転職希望者のための書籍ではありませんが、業績や社員の平均年収や平均年齢、定着率や自己資本比率等を調べたり複数企業で素早く比較することができます。最新版は、会社四季報の方は12月、就職四季報の方は先週に出たばかりです。
◆企業のプレスリリース
プレスリリースとは、一般的に企業が報道機関・マスコミへ向けて新事業や新サービスの告知をするために発信する文書です。新しく展開が始まったサービスの概要や現在の利用者数等がコンパクトにまとまっています。
多くの企業は「PRTIMES」というプレスリリース配信サービスを使用して発信していますので、検索して興味のある企業や同業他社の最新プレスリリースを探してみるとよいでしょう。
◆企業やエンジニアのブログ・Twitter・インタビュー記事・勉強会の発表資料等
最近はブログやツイッターを運営している企業も多くあります。また、エンジニアがWeb上の記事でインタビューに答えている場合や勉強会のスライド資料を公開している場合もありますので、見つかったら読んでおくとよいでしょう。
◆企業の中の人や受けた人が近くにいるかもしれないので探してみる
同じような業界での転職を考えている場合、意外と知り合いの中にその企業で勤務している人や、選考を受けたことがある人、また似たサービスを運営する競合企業に勤めている人がいる場合もありますので、ちょっと探してみるとよいでしょう。

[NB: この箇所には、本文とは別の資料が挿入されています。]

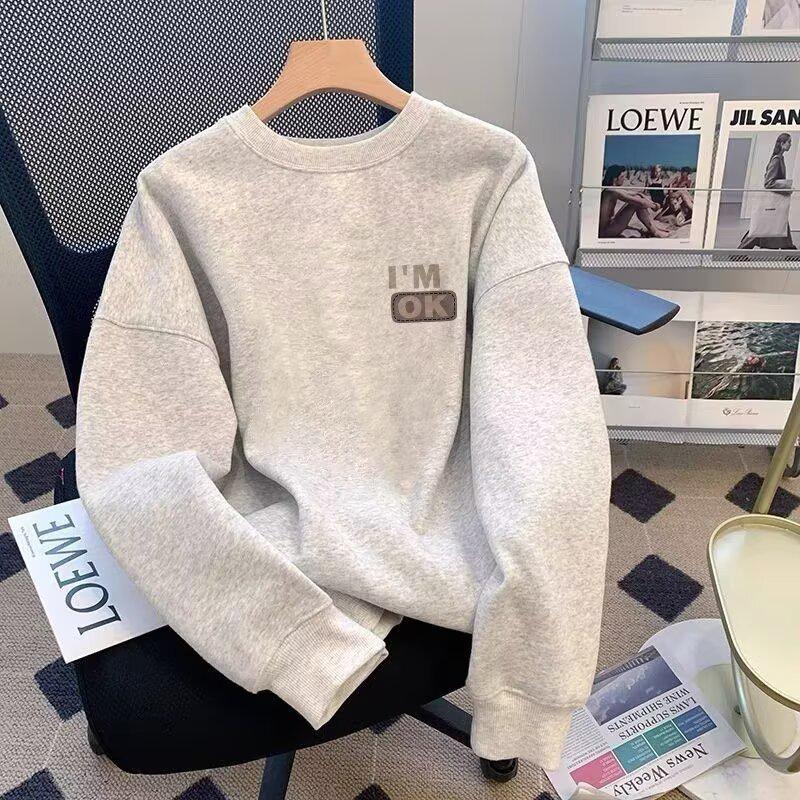 Men's Trendy Loose Fit Letter Hoodie - Spring/Autumn Casual American Style Pullover
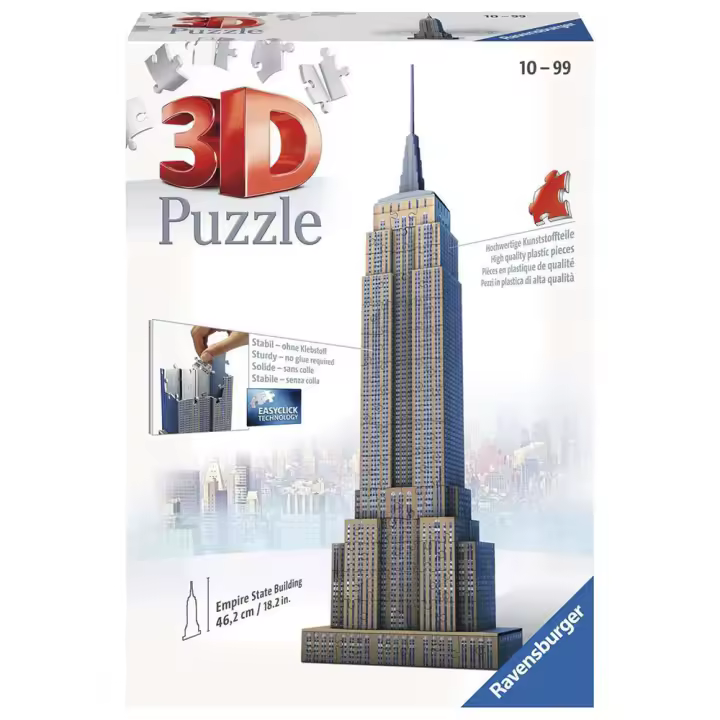 Puzzle 3DEmpire State Building 216 Piezas, Ravensburger, 12553 - 1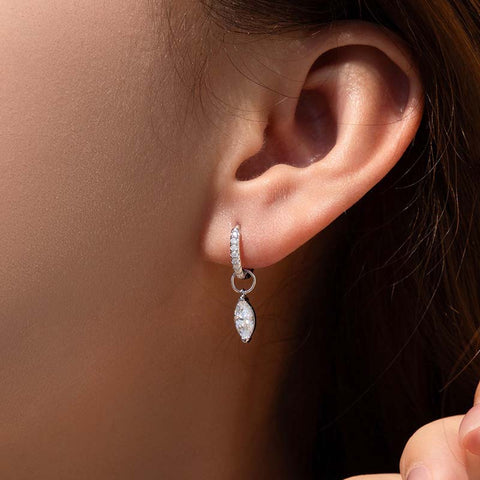 Water Drops Full Diamond Earrings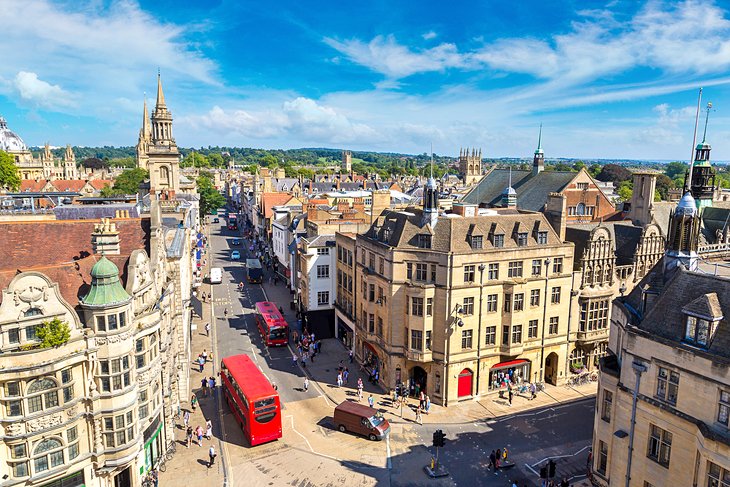 Panoramic view of Oxford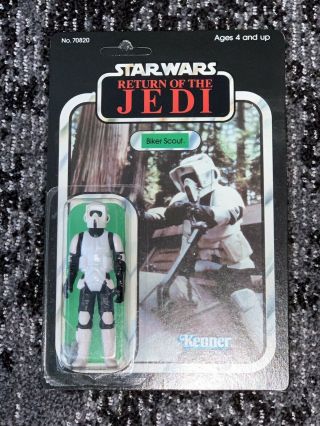 Vintage 1983 Kenner Star Wars Rotj Biker Scout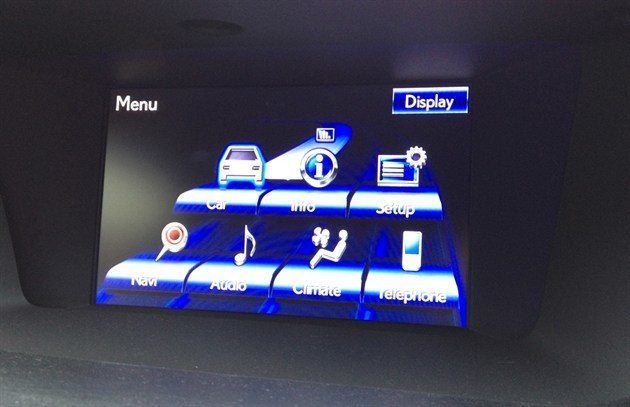 Lexus GS450h Main Screen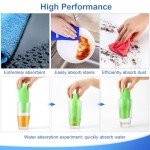 12-Pack Super Absorbent Microfibre Cleaning Cloths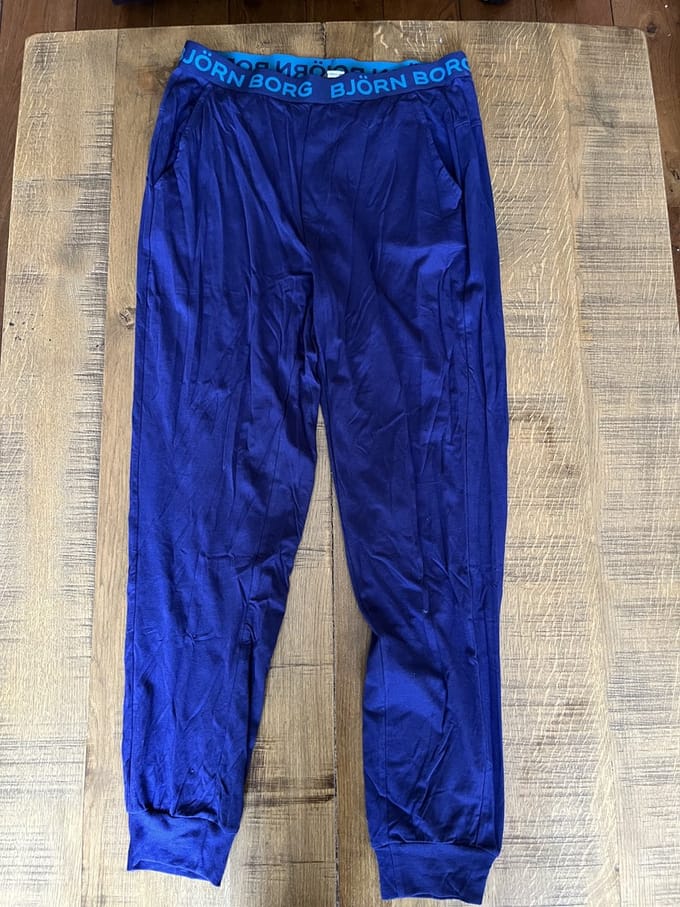 Björn Borg Pyjamabroek lang/Homewear broek - Blauw - 9999-1152-70011 - M - Mannen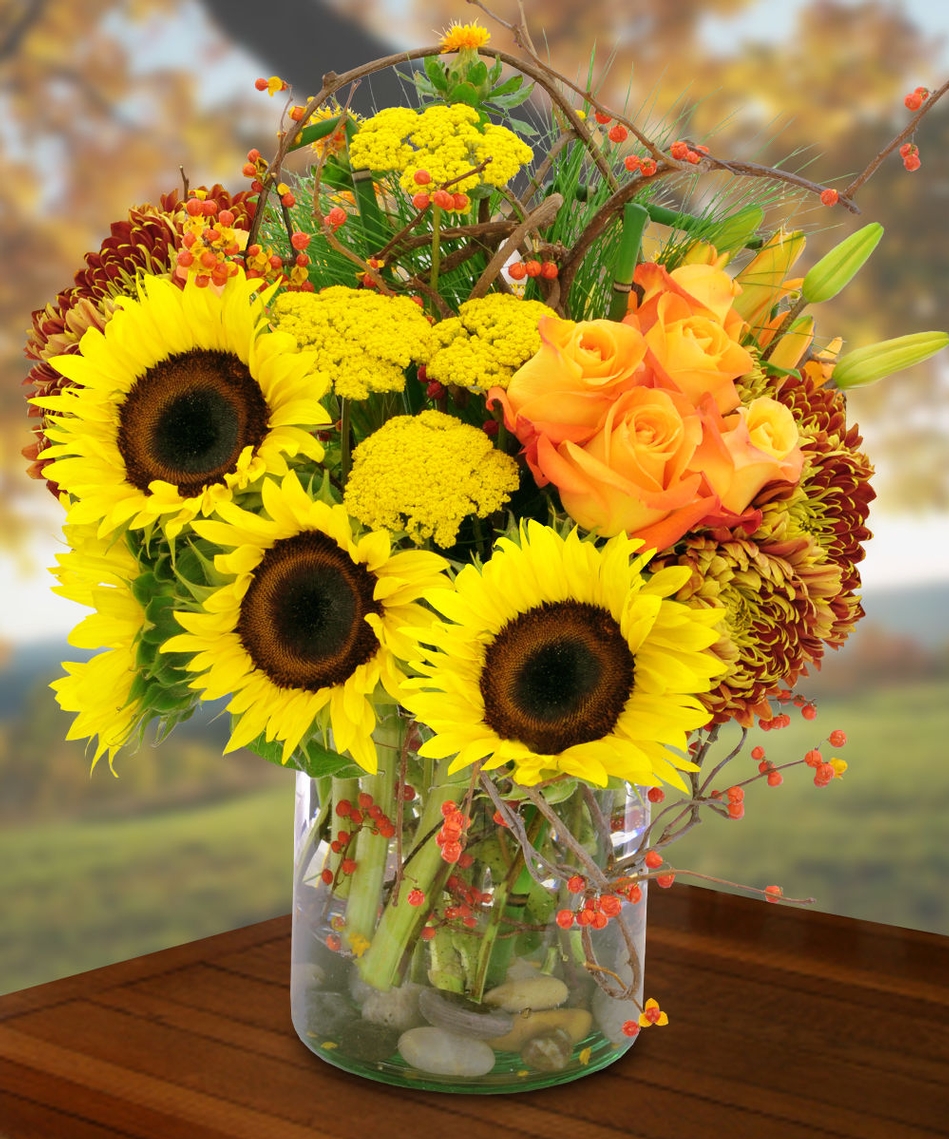 Fall Harvest flowers by the armful! Bushels of flowers always bring bright tiding and joy to the heart.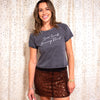 Phish Lyric Cropped Tee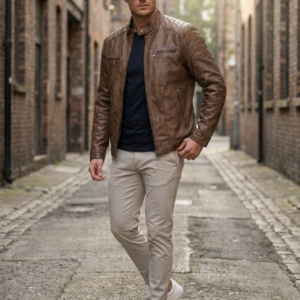 Campera - Motoquera Rebel Vintage Cuero
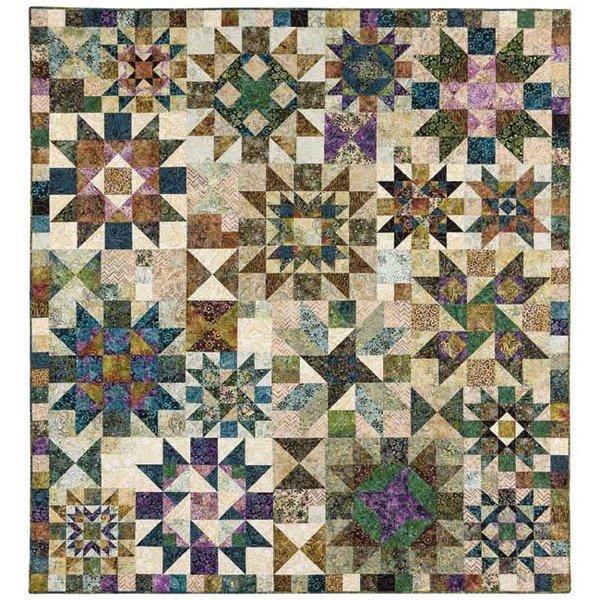 River Rock: New Block of the Month from Marcus Brothers and Sarah Maxwell, starting Mid October 2016. This is a beautiful batik quilt made with Primo Batiks from Marcus Fabrics.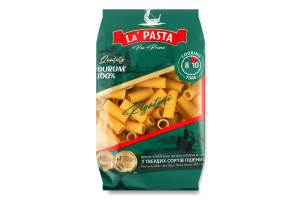 Изделия макаронные фигурные из твердых сортов пшеницы Ригатони №599 La' Pasta Per Primi м/у 400г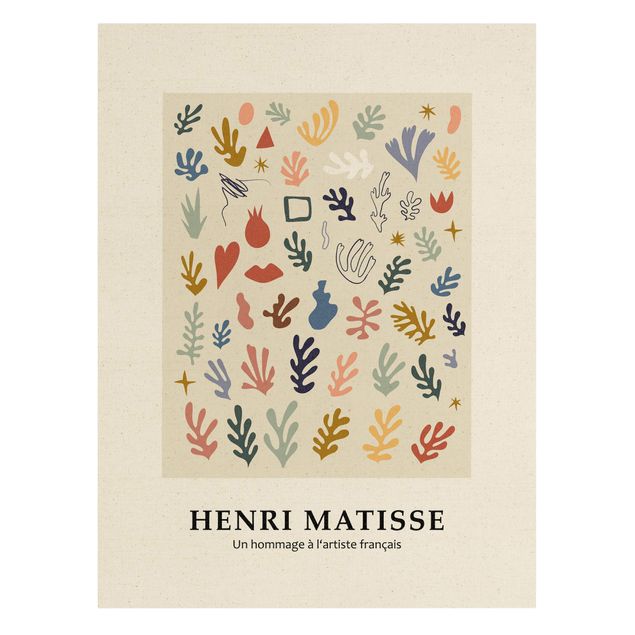 Bilder auf Leinwand Matisse Hommage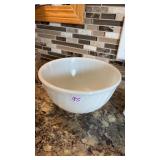 Fireking milk glass swirl bowl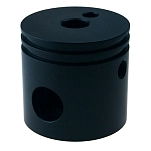 Sea recovery par2453512400 мембранная заглушка AW Dual 3´´ Black 10x8x8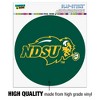North Dakota State University Automotive Car Window Locker Circle Bumper Sticker - 3 of 4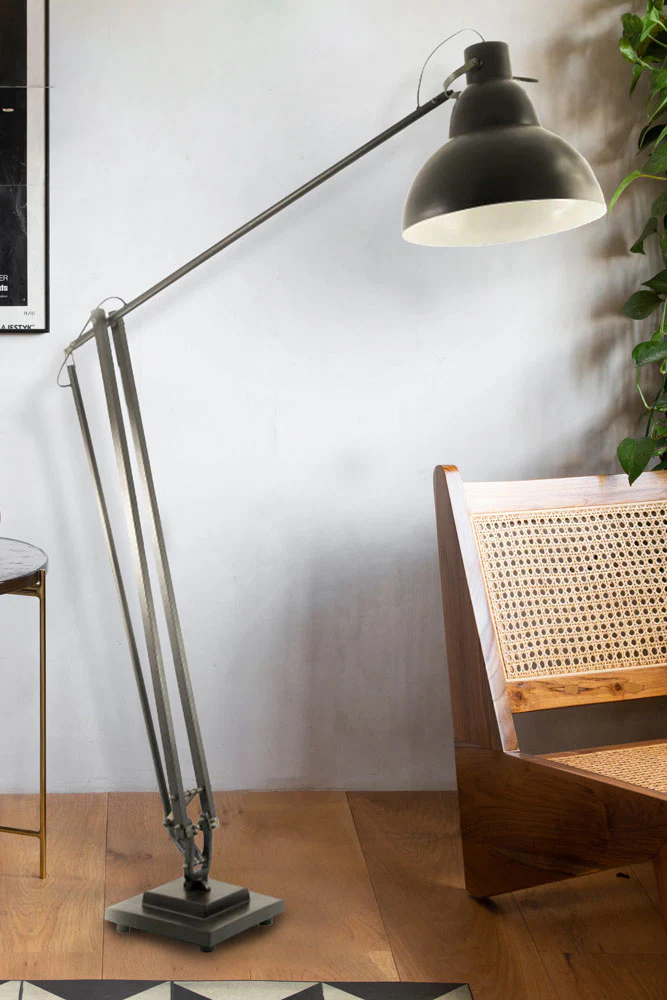 Adjustable Black Desk-Style Floor Lamp - Image 2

「そんな都合のいい知り合いはいない!」という人は、「CoffeeMeeting」等のサービスを利用してみるのも一つの手です。コーヒーミーティングは、「コーヒー1杯を飲む時間を一緒に過ごしたい人と出会うためのサービス」とされ、話したいネタをタグで分類した登録ユーザーから、自分がミーティングしたい人を選び、折り合いがつけばカフェなどで会って話をすることができるというマッチングサービスです。
「誰か経験者から話が聞きたい……」という場合は、こういったサービスで、転職経験のあるエンジニアや興味がある分野で開発しているエンジニアを探してみるのもよいかと思います。
◆直接質問できる機会を探す
最近、応募前の段階でも興味を持ってくれた人と話ができる機会を設けている企業がたくさんあります。特にスタートアップに多く、誰でも参加できる勉強会やミートアップを開催したり、気軽に職場見学や業務の説明をした上で質問を受け付ける機会を設けている企業もあります。
また、Wantedlyという転職サービスでは、掲載企業に興味がわいたら「話を聞きに行きたい」ボタンを押し、企業側からも興味を持ってもらえたら実際に話を聞きに行くことができます。
応募意志が固まっていなくても、まずはお互い興味がある企業や人と会って話をしてみようというスタンスのサービスなので、「ちょっと話を聞いてみたいな」という場合にぴったりだと思います。
あと、私が実際に転職活動をしていたときの話になりますが、私はよく面接の日時調整等の段階で「もし可能であれば、面接の前後の時間で現場で働いてる方ともお話できればと思うのですがいかがでしょうか?」ということを聞いて、現場の人と話をしたり質問したりする時間を作ってもらったりしていました。これは意外とOKしてもらえますし、「忙しいので無理です」と断られたとしても特に失礼には当たりません。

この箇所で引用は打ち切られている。